Use it when attention prefers some TP or CP, but expert layers benefit from a
larger EP degree than the dense layers can tolerate.

## Phase 3: Profile The Dominant Bottleneck

| Bottleneck | What it looks like | Primary fixes |
|---|---|---|
| Memory | Run fits only with aggressive full recompute or OOMs during warmup | selective recompute, FP8, offloading, better PP layout |
| Communication | Nsight shows large all-to-all or collective blocks | DeepEP or HybridEP, EP overlap, DP/TP overlap, better PP layout |
| Host overhead | GPU gaps, launch-bound traces, Python overhead | CUDA graphs, `--manual-gc`, higher MBS, CPU affinity tuning |
| Compute | Low SM utilization after comm and host issues are addressed | grouped GEMM, fusion work, FP8, dispatcher-specific kernel tuning |

## Dispatcher And Overlap Guidance

Use dispatcher choice as a bottleneck fix, not as the first tuning knob.
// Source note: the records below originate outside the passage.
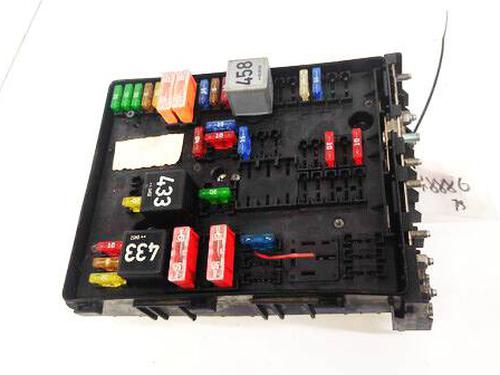 Used Fuse box Fuse box VW GOLF PLUS V (5M1, 521) 1.6 FSI (115 hp) 32934298 32934298
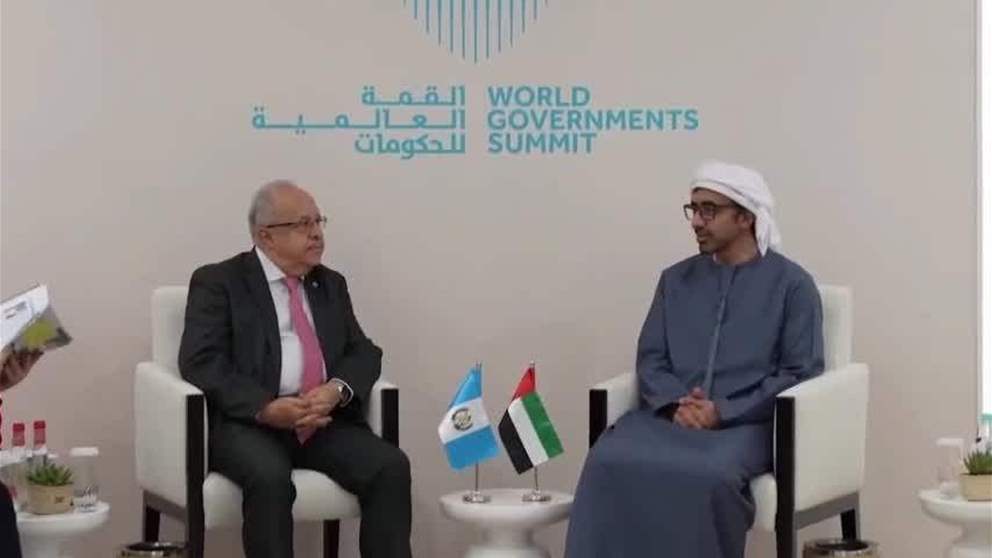 عبدالله بن زايد يستقبل عددا من المسؤولين المشاركين في القمة العالمية للحكومات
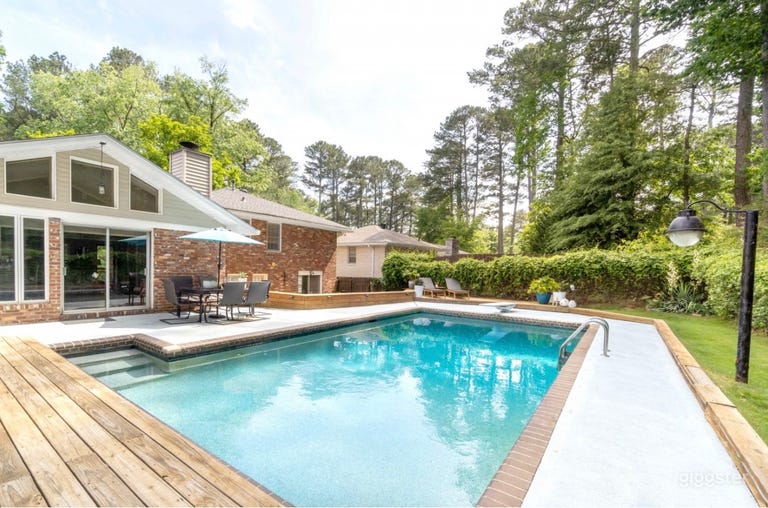  Private Pool & Cabana 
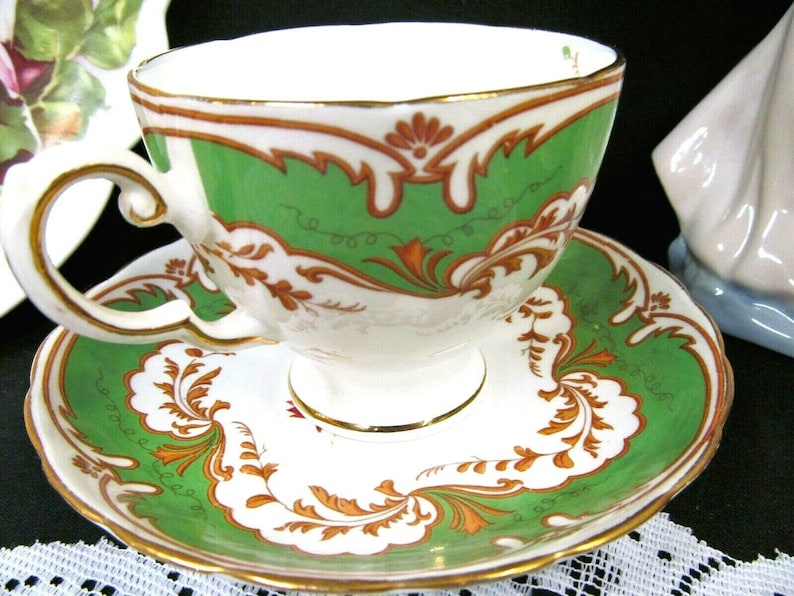 TUSCAN tea cup and saucer GREEN rose Blenheim pattern teacup flared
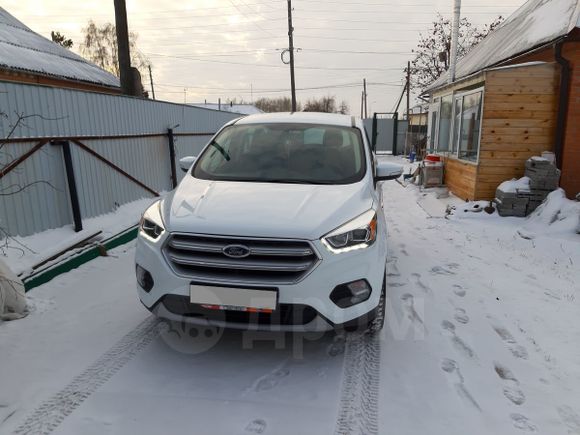 SUV   Ford Kuga 2017 , 1200000 , 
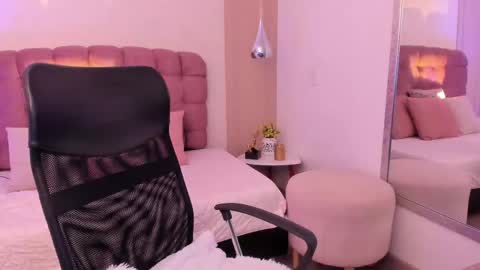 Rose Taylor online show from 05/26/26, 12:56
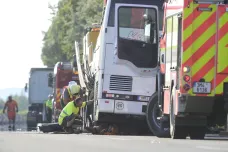 Nehodu autobusu na dálnici u Litovle vyšetřuje policie jako obecné ohrožení z nedbalosti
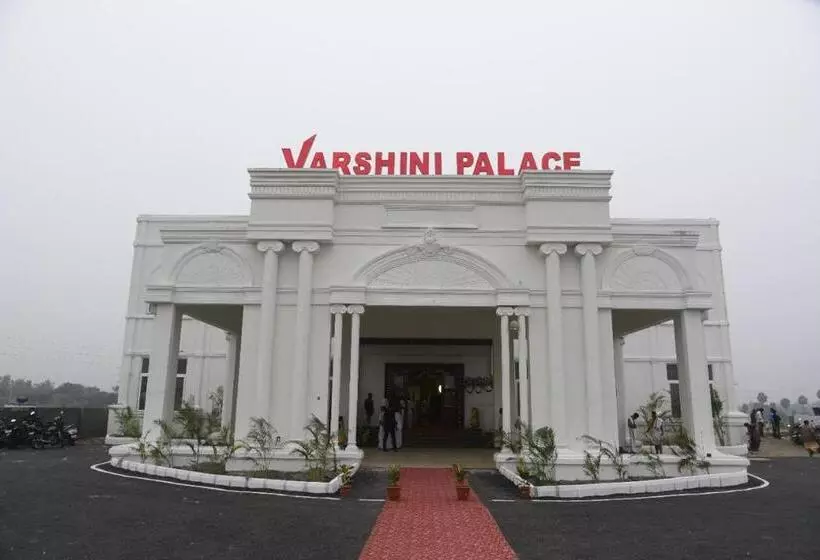 Hotelli Varshini Palace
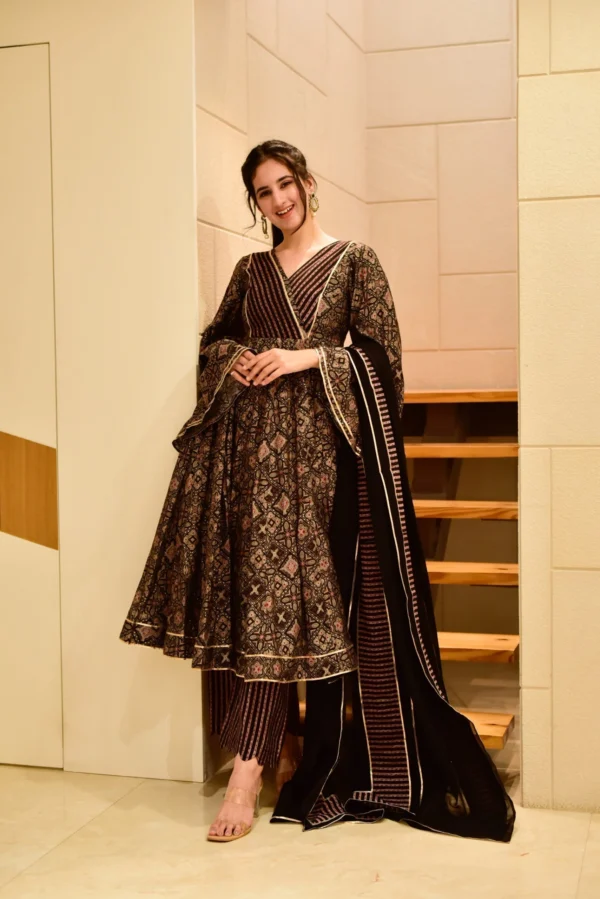 gurleen muslin black suit set - Image 4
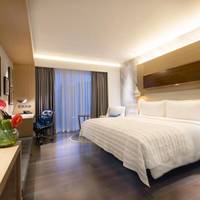 Classic Pool View Room with Twin bed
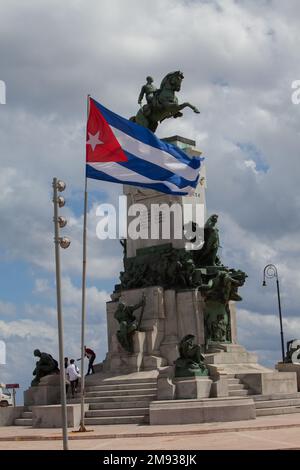 Transtur, Habana Stadtrundfahrt "Hop-on/Hop-off Double Decker Bus unter Touristen Sightseeing entlang des Malecon, Havanna, Kuba Stockfoto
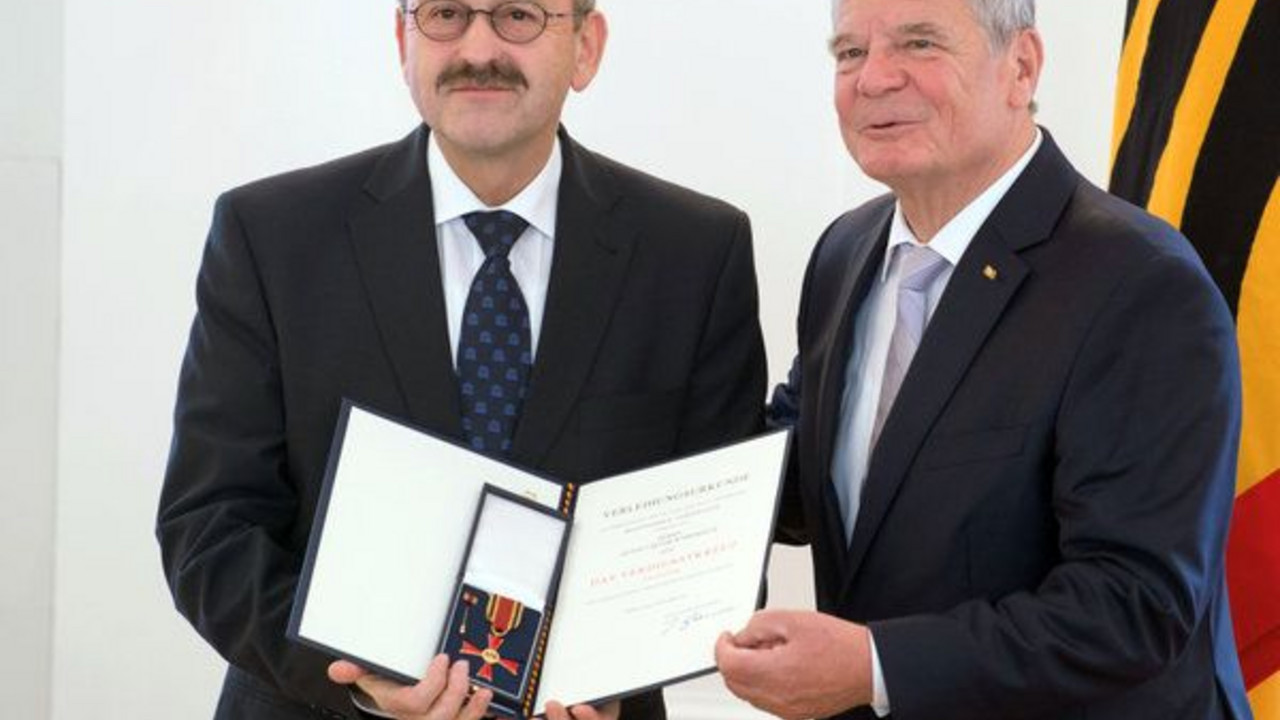 Anton Viktor Wyrobisch bei der Ehrung durch Joachim Gauck; Bild: dpa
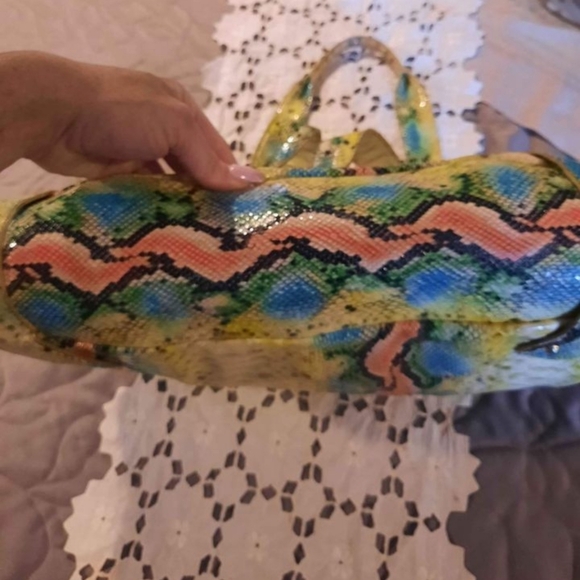 Buddha Snakeskin Purse - Picture 2 of 9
- `moe_token_dispatcher_type="alltoall"`: safest bring-up path, fine for
  smaller EP sizes
- `moe_token_dispatcher_type="flex"` + `moe_flex_dispatcher_backend="deepep"`:
  strong default for H100 and B200 style deployments
- `moe_token_dispatcher_type="flex"` + `moe_flex_dispatcher_backend="hybridep"`:
  strongest starting point on GB200 or GB300 NVL72 systems

If the all-to-all path is